The guy who served me was very helpful and told me all of his roasted beans were rested

the blend he sold me were roasted 2 weeks ago

one thing I did notice, unlike the foil packed supermarket beans these dont really have any aroma... Well not until i grind them anyway.

with me being new to this can anyone let me know if this is normal please.

they made great coffee which wasnt bitter by the way

unlike my supermarket beans


----------



## DoubleShot (Apr 23, 2014)

Pretty much all of the fresh whole coffee beans I've ever smelt have had a fragrance. Even more so once freshly ground. Aroma is usually associated with the smell of espresso or brewed coffee once you've made it.

Fragrance vs Aroma - what's the difference


----------



## Currymonster (Apr 3, 2016)

DoubleShot said:


> Pretty much all of the fresh whole coffee beans I've ever smelt have had a fragrance. Even more so once freshly ground. Aroma is usually associated with the smell of espresso or brewed coffee once you've made it.
> 
> Fragrance vs Aroma - what's the difference?


oh i see thanks


----------



## Mrboots2u (May 10, 2013)

If you like the coffee your making the I wouldn't stress .. Perhaps the aroma you got from the supermarkets beans was they of a really dark roast ?

I'm not great with aroma of whole or ground beans ( unless it's a natural ) so enjoy your drink .


----------



## Missy (Mar 9, 2016)

I've noticed supermarket beans whack you hard in the nose on first opening. The first bag of rave beans I opened I had to really stick my nose in, but as the bag went on the smell got stronger. But the "aroma"(thanks I learnt something fascinating @DoubleShot -love this forum for that) is king. If it's good when you drink...


----------



## Currymonster (Apr 3, 2016)

Mrboots2u said:


> If you like the coffee your making the I wouldn't stress .. Perhaps the aroma you got from the supermarkets beans was they of a really dark roast ?
> 
> I'm not great with aroma of whole or ground beans ( unless it's a natural ) so enjoy your drink .

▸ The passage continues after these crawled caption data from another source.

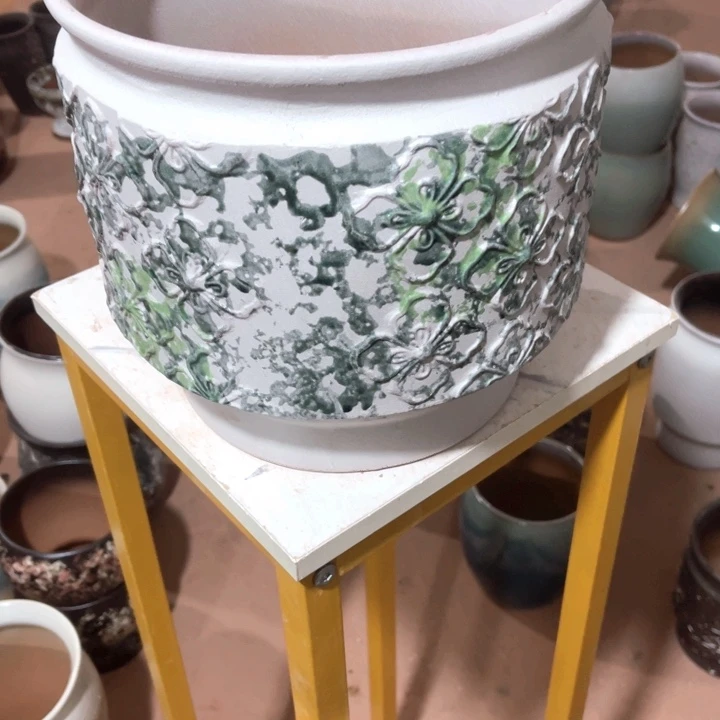 紫砂花盆口径26高度25一只正品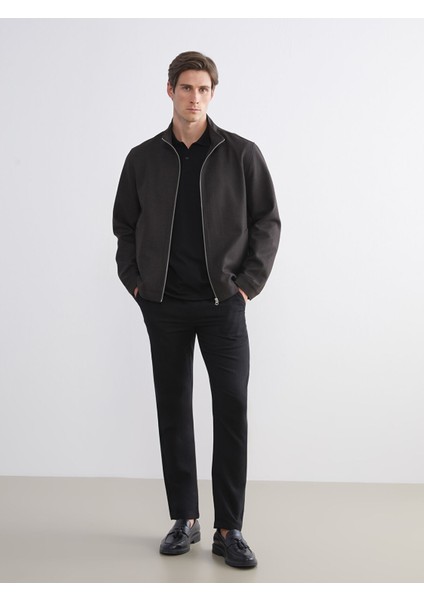 Yeni Sezon Dik Yaka Uzun Kollu Erkek Mont fiyatları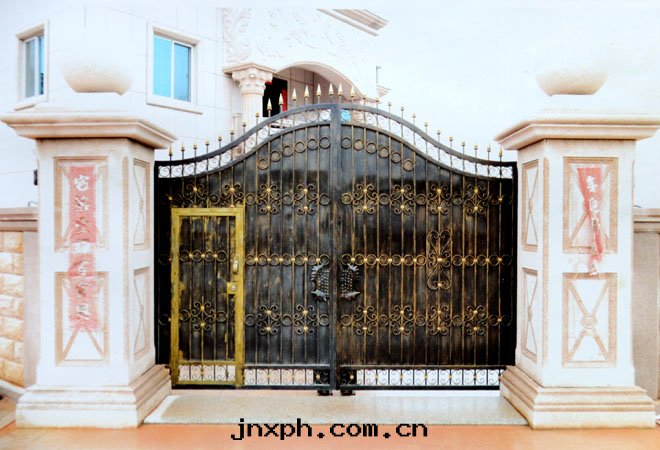 庭院(yuàn)铁(tiě)藝大(dà)門(mén)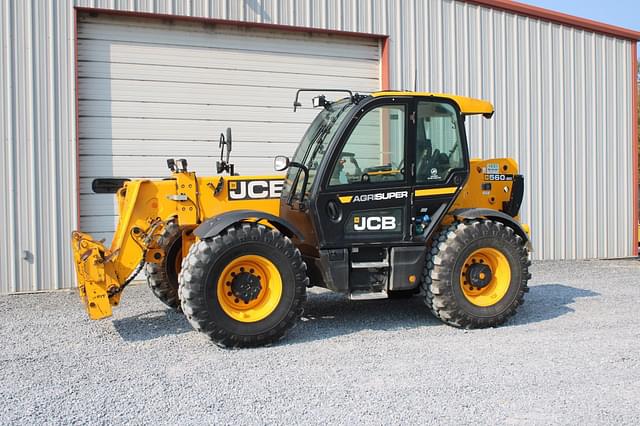 Image of JCB 560-80 Agri Super equipment image 1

thanks i was really not sure at this stage what to expect


----------



## DoubleShot (Apr 23, 2014)

Everyday can be like a school day on here, always something new and fascinating to be learnt especially when starting out and learning about all things coffee related.


----------



## Currymonster (Apr 3, 2016)

DoubleShot said:


> Everyday can be like a school day on here, always something new and fascinating to be learnt especially when starting out and learning about all things coffee related.


You bet I never realised how much.. But I love learning


----------



## Missy (Mar 9, 2016)

Currymonster said:


> You bet I never realised how much.. But I love learning


Me too. Love the mix of knowledge, passion and downright lunacy. It's good fun and fills in many a dull hour.


----------